Support for RTL838x based managed switches

howels · May 28, 2024, 5:22pm

I'll have a go at porting the main commit to add the model itself once the switch arrives. These 1920 are so widely available that I'm sure it will be welcome.

howels · May 28, 2024, 5:30pm

Do you have any history as to why the commits have not been submitted? At first pass they add a lot of exception handling along with the new model and update to the dts. Wondering if there's any issues these have created or was it a simple lack of time available.

howels · May 28, 2024, 5:35pm

That's great. My zyxel GS1900-48 is partitioned in two which means everything has to cram into 8MB.

andyboeh · May 28, 2024, 5:37pm

Please read the few posts following the one with janh's patches in this thread. I do not have any more information than that.

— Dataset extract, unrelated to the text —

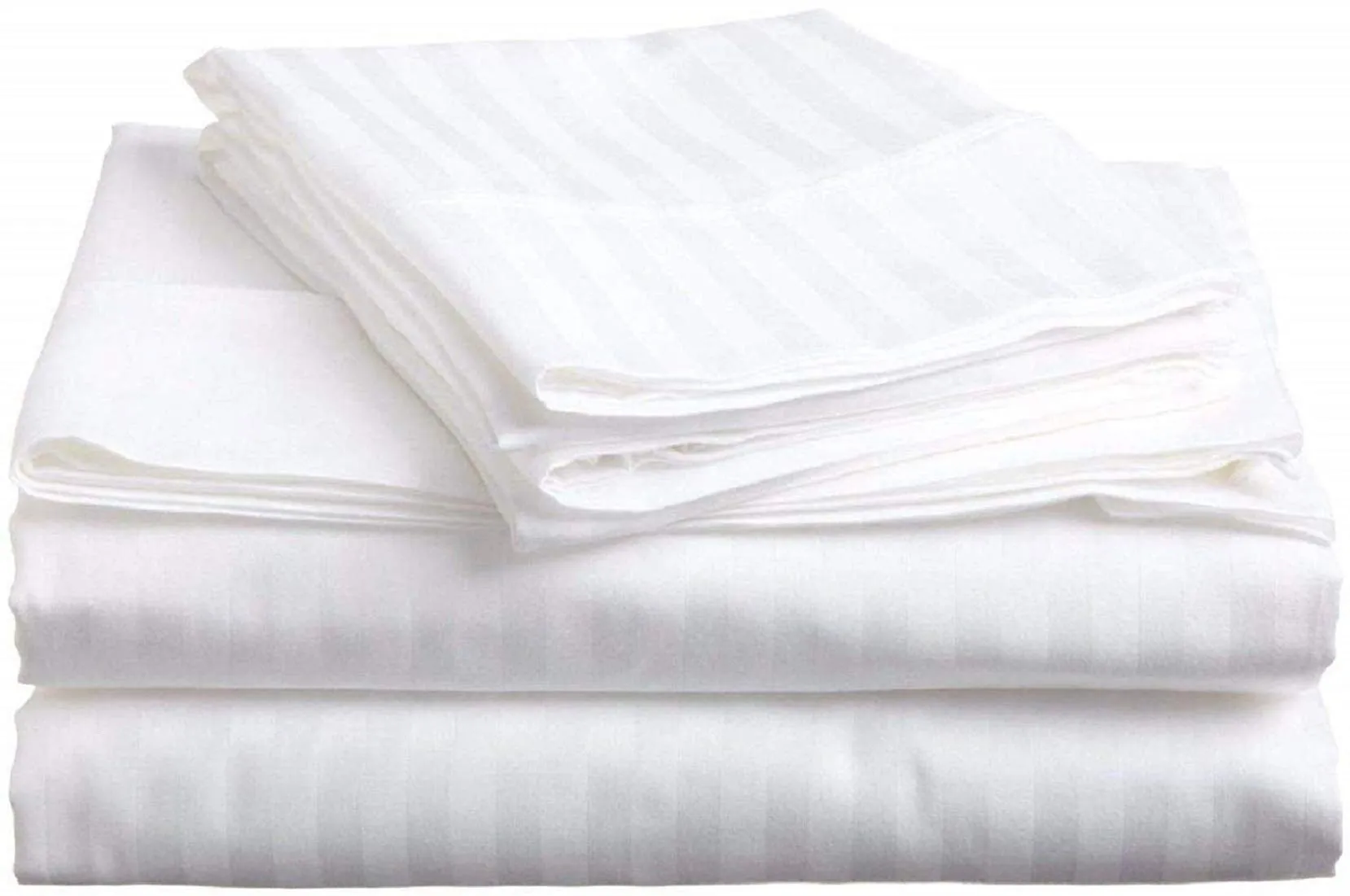 Kuber Industries Cotton Luxurious Satin Striped Pillow Cover|Ideal 17x27 Inch Size|Soft & Smooth Cotton|Pack of 4 (White)-CTKTC40311, 200 TC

janh · May 28, 2024, 10:36pm

Only these three commits are relevant for HPE 1920-48G:
realtek: add hardware version check for RTL8214FC
WIP: support RTL8214FC on RTL8393
realtek: add support for HPE 1920-48G

The previous changes are mostly already upstreamed. I didn't want to submit support for HPE 1920-48G itself, because the code for the RTL8214FC PHY is unfinished.

Some changes will be required to apply it to the current main branch (it is more likely to still apply to the 23.05 branch without changes). There have already been some small changes for RTL8214FC recently (realtek/rtl839x: respect phy-is-integrated property, realtek: add RTL821X_CHIP_ID).

Technically, there aren't even two separate partitions on these devices. The entire flash between the bootloader and the factory partition is used for a filesystem. This filesystem can store as much firmware images as there is space for, but only one can be set as boot image (and a second one as a backup image).

However, with OpenWrt, a somewhat hacky approach is used instead, where only the beginning of the filesystem is actually valid and contains the kernel as a file, while the rest is used directly for the rootfs and overlay. Actually using the filesystem properly wouldn't have been possible, because the beginning of each erase block is reserved for the filesystem.

sudoBash418 · May 29, 2024, 3:21am

Sorry if this is the wrong place to ask, but is port isolation supported?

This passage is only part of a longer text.